2016 has been a very difficult year for me. Me and my family has been struggling financially for the past year-and-a-half. It only gets worse as time goes on. My parents are in bad health, we can’t afford to do anything, and just recently I thought that my dog might pass away as he was behaving like he was very sick. Fortunately his problem was only emotional not physical, and he’s fine now, but I will went through a period of worry. I have constant anxiety over my parents health and our financial situation. As a result of my anxiety, my OCD is the worst that it has ever been in my entire life. The OCD website said that stress and anxiety can make the condition much worse and before I read that, I was perplexed at why the rituals I had to do were becoming so much more frequent and greater in number. But after reading that anxiety and stress can make it worse, it was no longer a mystery. I am emotionally bogged down.  I haven’t even mentioned half of things I’m going through. At the time that I’m writing this (via speech to text on my phone), I am experiencing a bout of depression. I didn’t even feel like getting on my computer to type this up. That’s why I’m doing it on my phone’s Blogger app while laying in bed.
Everybody is going through something. We’ve all got problems, we all have different kinds of problems but we all have problems nevertheless. As believers in Christ, there are things that we can remind ourselves to cope with the hard times that we go through in this life. It is these things that we can remind ourselves that I’m going to talk about in this blog post, and hopefully I can bring a little bit of comfort and peace to some of my readers who may be going through some stuff themselves.
God Can Bring Good Out Of Suffering.
The Bible says that “God works all things for the good of those who love him, to those that are called according to His purpose.” (Romans 8:28). What this means is that God, even though allows all sorts of bad things to happen to people, he will, and his Divine Providence, work these things out towards the ultimate good of those who love him. Romans 8:28 does not say that all things are good, but it does say that all things are worked for the good. I know that God has a plan for my life, and I have faith in him. I have faith that he will not permit anything to happen to me unless it is 4 my good or at least the good of someone I know. We cannot know the morally sufficient reasons for why God permits suffering. But as I pointed out in my blog post “The Problem Of Evil And Suffering” and in my blog post “5 Instances In The Bible Of God Having Good Reasons For Suffering”, we can know at least how He can bring good out of evil even if we don’t know what the specific good is that He’ll bring out of this specific evil. Every event that occurs sends a ripple effect through history. God’s reason for permitting some instance of suffering might not emerge until centuries later and perhaps even in another country. Any time travel enthusiast will tell you that every single event that happens in the world has a radical effect that will determine what the future will be like. If God did not allow evil X to occur at T-1 then that would determine whether or not good Y occurs at T-2. It may be that the only way to bring about the good that occurred at T-2 is if God allows the evil to occur at T-1.

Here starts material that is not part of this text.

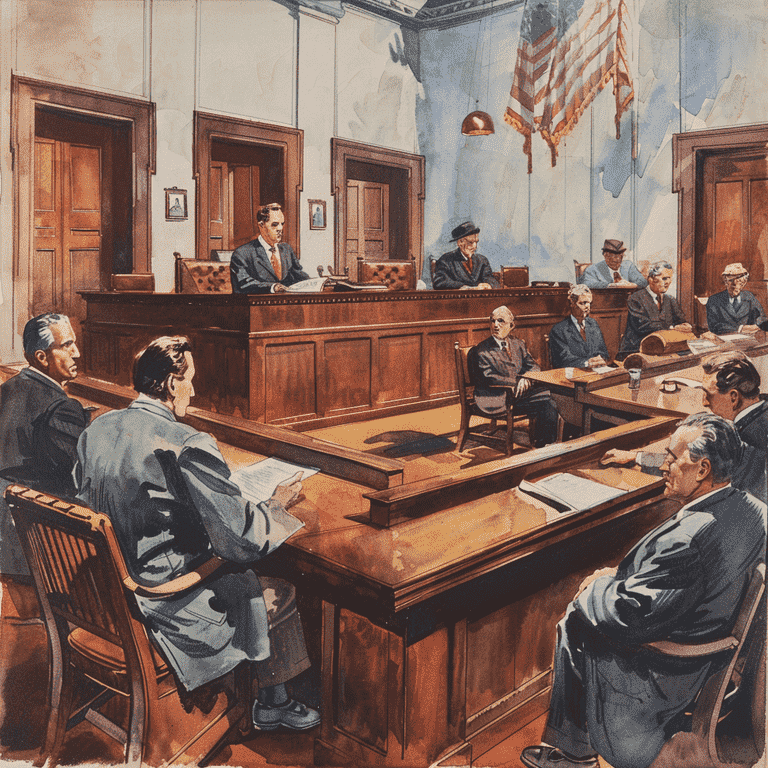 Courtroom scene with a judge, lawyers, and a witness testifying.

Or perhaps good Y would only occur at T-10 and perhaps there’s nothing but sorrow and heartache in between T-1 and T-10. God, being omniscient, knows that if the evil events occurring at T-1, T-2, T-3, etc. Then the good event at T-10 would not occur. Only if God did not intervene to stop the evils at T 1, T-2, and T-3, would the good at T-10 occur.

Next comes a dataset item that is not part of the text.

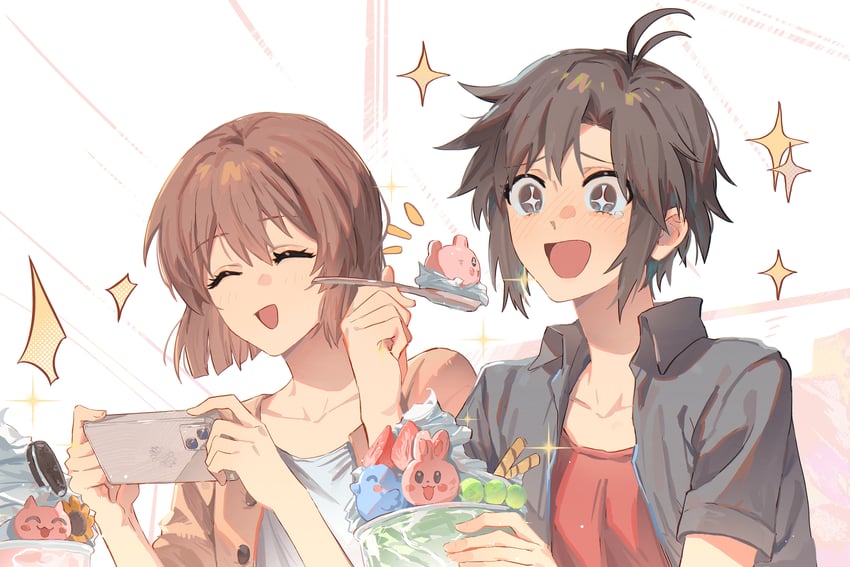 kikuchi makoto and hagiwara yukiho (idolmaster) drawn by yumi_xsh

William Lane Craig uses a couple of illustrations in chapter 7 of his book “On Guard: Defending Your Faith With Reason And Precision”. He uses the movie Sliding Doors starring Gwyneth Paltrow as one of his illustrations. The movie starts out with Helen (Paltrow’s character) rushing down the stairs to catch a train. As she nears the subway train, the movie branches off into two totally different paths that her life would take depending on whether or not she made it through the subway doors. On one branch, she enjoys a very happy and successful life. Everything is going right for her. However, on the other branch, she experiences a life of failure and unhappiness. Whether she experiences that happy life or the sad life all depends on whether or not she makes it through the subway doors. Just a single seemingly insignificant event had such a radical effect on her future. Even more interesting is the fact that whether or not she made it through the subway doors all depended on whether a little girl playing with a doll is snatched away by her father or momentarily blocks Helen’s pass as she rushes towards the subway doors. And as Craig points out in his book, that difference might have been determined on whether or not they were delayed leaving the house because the little girl didn’t like the cereal that her father gave her for breakfast or whether the man, while they were at the subway train, was distracted by something he read in the newspaper. The point that William Lane Craig was making in his book is that every event has a ripple effect on history. A seemingly insignificant event in a person’s life can actually be very significant indeed. From our perspective, it may seem like God could have no good reason for allowing X to happen to us. But from God’s perspective, things would look very differently. If Helen could see what the moviegoers saw about what her life would be like depending on whether or not she made it through the subway doors, she would be amazed. The most interesting part of this movie is its ending. In the happy, successful life, Helen is killed in an accident. In the life full of struggle and hardship, things start to look up and the life of hardship turned out to be the truly good life after all.
The fact that God is able to bring good out of suffering gives me some comfort. I have a promise from him in his holy word that he will work all things for my good. My suffering and my anxieties are not purposeless. They are all a part of a much bigger plan. A much grander scheme of things.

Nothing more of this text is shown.